From: Craig A. Finseth (fin@finseth.com)
Date: Mon, Nov 29 1999


Date: Mon, 29 Nov 1999 15:55:20 -0600 (CST)
Message-Id: <199911292155.PAA04538@isis.visi.com>
From: "Craig A. Finseth" <fin@finseth.com>
To: jeff.sussna@quokka.com
Cc: www-tv@w3.org
Subject: Re: TV Broadcast URI Schemes Requirements

	...
      3. The document states that "given a URI, it must be possible for a
   receiver
      to actually locate the resource, or conclude that it is not reachable?"
      Doesn't this rely on the presence of extrenal software? I.e., URN
   resolvers
      and the like?

   No, it relies on mapping tables.  All resolution is handled in the
   receiver.  The assumptions section clearly indicates that any scheme
   must operate in a "receive only" mode.

   RESPONSE: In my mind, a mapping table IS a URN resolver. Anyway, it still
   seems beyond the scope of the URI spec.

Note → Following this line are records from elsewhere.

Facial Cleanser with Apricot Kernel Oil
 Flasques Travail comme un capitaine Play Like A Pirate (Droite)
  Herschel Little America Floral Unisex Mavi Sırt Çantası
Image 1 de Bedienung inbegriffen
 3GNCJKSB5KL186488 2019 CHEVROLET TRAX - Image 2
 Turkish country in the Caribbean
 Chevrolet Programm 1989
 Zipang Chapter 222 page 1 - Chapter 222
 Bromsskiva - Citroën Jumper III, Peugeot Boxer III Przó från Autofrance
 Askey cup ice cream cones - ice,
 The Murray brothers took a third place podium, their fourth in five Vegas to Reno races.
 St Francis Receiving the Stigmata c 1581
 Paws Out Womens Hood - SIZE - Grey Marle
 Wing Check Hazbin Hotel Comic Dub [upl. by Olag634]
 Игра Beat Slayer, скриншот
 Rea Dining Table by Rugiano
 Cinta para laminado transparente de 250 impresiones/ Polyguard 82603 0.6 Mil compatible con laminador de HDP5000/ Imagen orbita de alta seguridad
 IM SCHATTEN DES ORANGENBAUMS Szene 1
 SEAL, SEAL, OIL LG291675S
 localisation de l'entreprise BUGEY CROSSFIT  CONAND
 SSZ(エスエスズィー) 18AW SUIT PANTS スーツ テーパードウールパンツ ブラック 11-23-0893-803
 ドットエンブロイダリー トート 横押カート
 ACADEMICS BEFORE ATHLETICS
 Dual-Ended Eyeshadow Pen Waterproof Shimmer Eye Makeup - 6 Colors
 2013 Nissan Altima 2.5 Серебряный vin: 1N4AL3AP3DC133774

Clarification noted.  We agree.

      6. To restate my above comment more generally, I would add to the
      requirements that a TV URI must completely describe the content being
      identified. In other words, a TV resource identifier must in fact
   uniquely
      (either by location in the case of URL or equality in the case of URN)
      identify a TV resource. 

   It does this.

   What it does not do (by design) is tell you from inspection how to
   obtain the content (it is impossible to do this while remaining
   transport independent): it relies on transport-dependent mapping tables
   for this portion of the system.

   RESPONSE: Yes, it does this, except in the case where a URI returns multiple
   resources. This seems to me to go against at least the spirit of URI's. It

Well, in an environment where you...

1) Identify episodes, and the same episode appears more than once in
the schedule.

2) Identify data modules, and the same module comes around more than
once in a carousel.

I think that a URI returning multiple resources at least matches what
quite a few people expect it to.  (If you'd rather, think of them as
multiple instances of the same resource.)

   also makes me uncomfortable to think about a scheme where I don't know
   exactly what I'll get except in some content-provider specific way. Note

Keep in mind also that in many cases, the same person is creating the
content and assigning the URIs.  There should be few surprizes when
resolving URIs.

   that Apache had the notion of content negotiation which never quite made it
   to universality, and thus never was fully usable.

Pity.  It was a good idea and we needed it.